Asbestos fatalities were substantially lower in Maryland’s rural areas, but still higher than comparable parts of the nation. The lowest rates of asbestos disease were in Garrett, Kent and Saint Mary’s counties, in which there were only three asbestos-related deaths during the 20-year period prior to 2000.
Maryland (MD) Asbestos Cancer & Mesothelioma Doctors:
The diagnosis and treatment of asbestos-related cancers and other diseases is gradually becoming a sub-specialty in the field of medicine all its own. However, as of the present time, there is no medical degree that is specific to asbestos-related practice. Most doctors focusing on asbestos disease today are trained in oncology, thoracic surgery, respiratory or occupational medicine, or some related field.
Maryland (MD) Asbestos Cancer & Mesothelioma Treatment Centers
Today, between 25 and 30% of all Americans will get some form of cancer during their lifetimes. There are many reasons for this, including the modern lifestyle and the poisons that have been put into the environment – of which asbestos is a prime example. The number of clinics and hospitals that specialize in oncology have increased in response to the growing number of patients.
Maryland (MD) Mesothelioma Lawyer & Legal Resources:
A search through the Maryland Federal District Court Cases for asbestos-related personal injury lawsuits, or mesothelioma lawsuits, brings up a list of one dozen lawsuits from 2006 and 2007. It should be noted that about half of these lawsuits were not individuals suing corporations or companies but rather companies’ petitions for removal from asbestos litigation.
Maryland is ranked 16th in the U.S. for malignant mesothelioma cases. With a mesothelioma mortality rate of 12.52 per million, Maryland has a crude mortality rank of 24th in the country. Among the sites that have been identified as having a high asbestos exposure risk are: Nuclear Power School in Bainbridge; Curtis Bay Coast Guard in Baltimore; Basco Power Electric in Basco; the University of Maryland Stadium in College Park; Glen Burnie Powerhouse in Glen Burnie; Luke Paper Company in Luke; Calvert Cliffs Nuclear Power Plant in Lusby; and Bethlehem Shipbuilding in Sparrows Point. Anyone who has spent time in these areas will want to be checked by a physician and will want to keep track of any unusual symptoms. It is important to keep in mind, however, that these may not be the only sites in the state which may have exposed workers and visitors to asbestos.
In Maryland, lawsuits arising from asbestos exposure are far from rare. In July 2007, three families were awarded $3.97 million in what attorneys predict will be the first of hundreds of like cases. The families of three former Bethlehem Steel workers sued General Electric in Baltimore Circuit Court because the mills used asbestos-lined industrial brakes in equipment. The three men named in the lawsuit passed away fromlung cancer before the case was brought before the courts.

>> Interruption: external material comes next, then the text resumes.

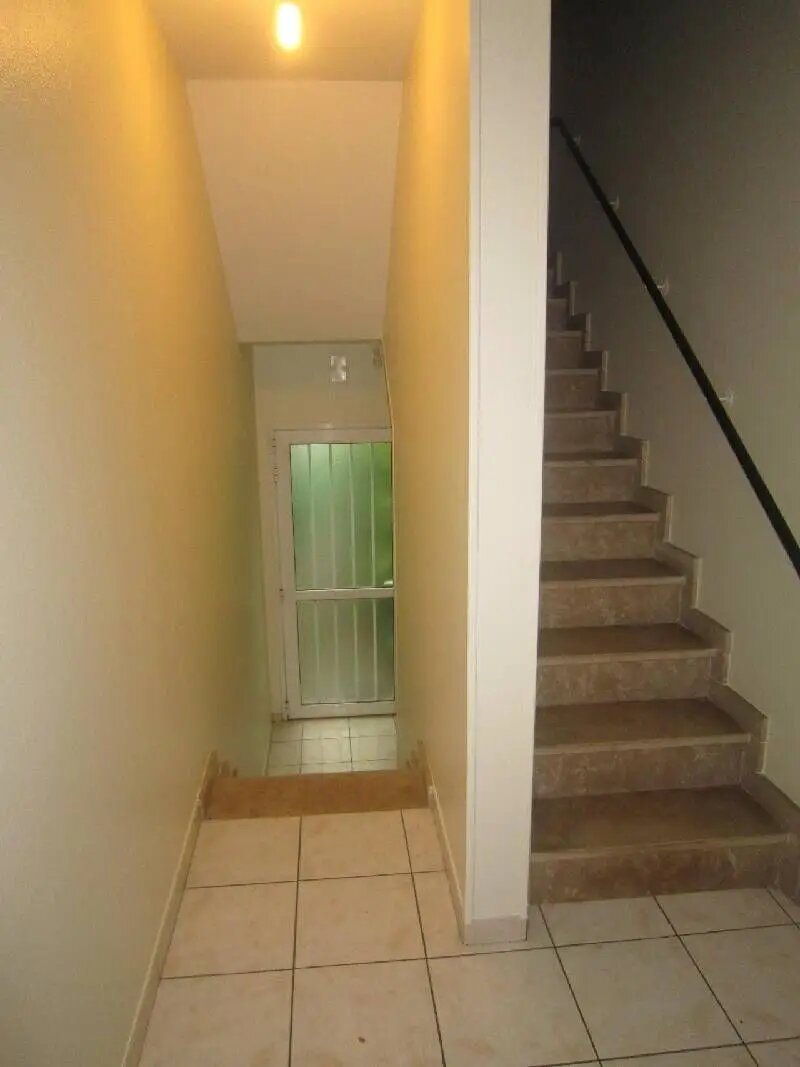 Maison à vendre, 84m², Neuilly-Plaisance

It is important that the patient diagnosed with mesothelioma or their family hire a mesothelioma lawyer as soon as possible after this diagnosis. Not doing so could cause this important deadline to be missed and potential compensation no longer available. The plaintiff must have knowledge, either implied or express, of the injury in order to trigger the running of the statute of limitations.
There is no specific statute about asbestos. However, there is a specific ruling related to wrongful death suits. The statute of limitations on all personal injury wrongful death suits is three years from date of death unless caused by occupational disease, in which case the statute of limitations is the shorter of 10 years from death or three years from time the cause of death is discovered. A Maryland appellate court ruled that a widow’s wrongful death action was timely if she was unaware that asbestos exposure was the cause of her late husband’s pleural mesothelioma.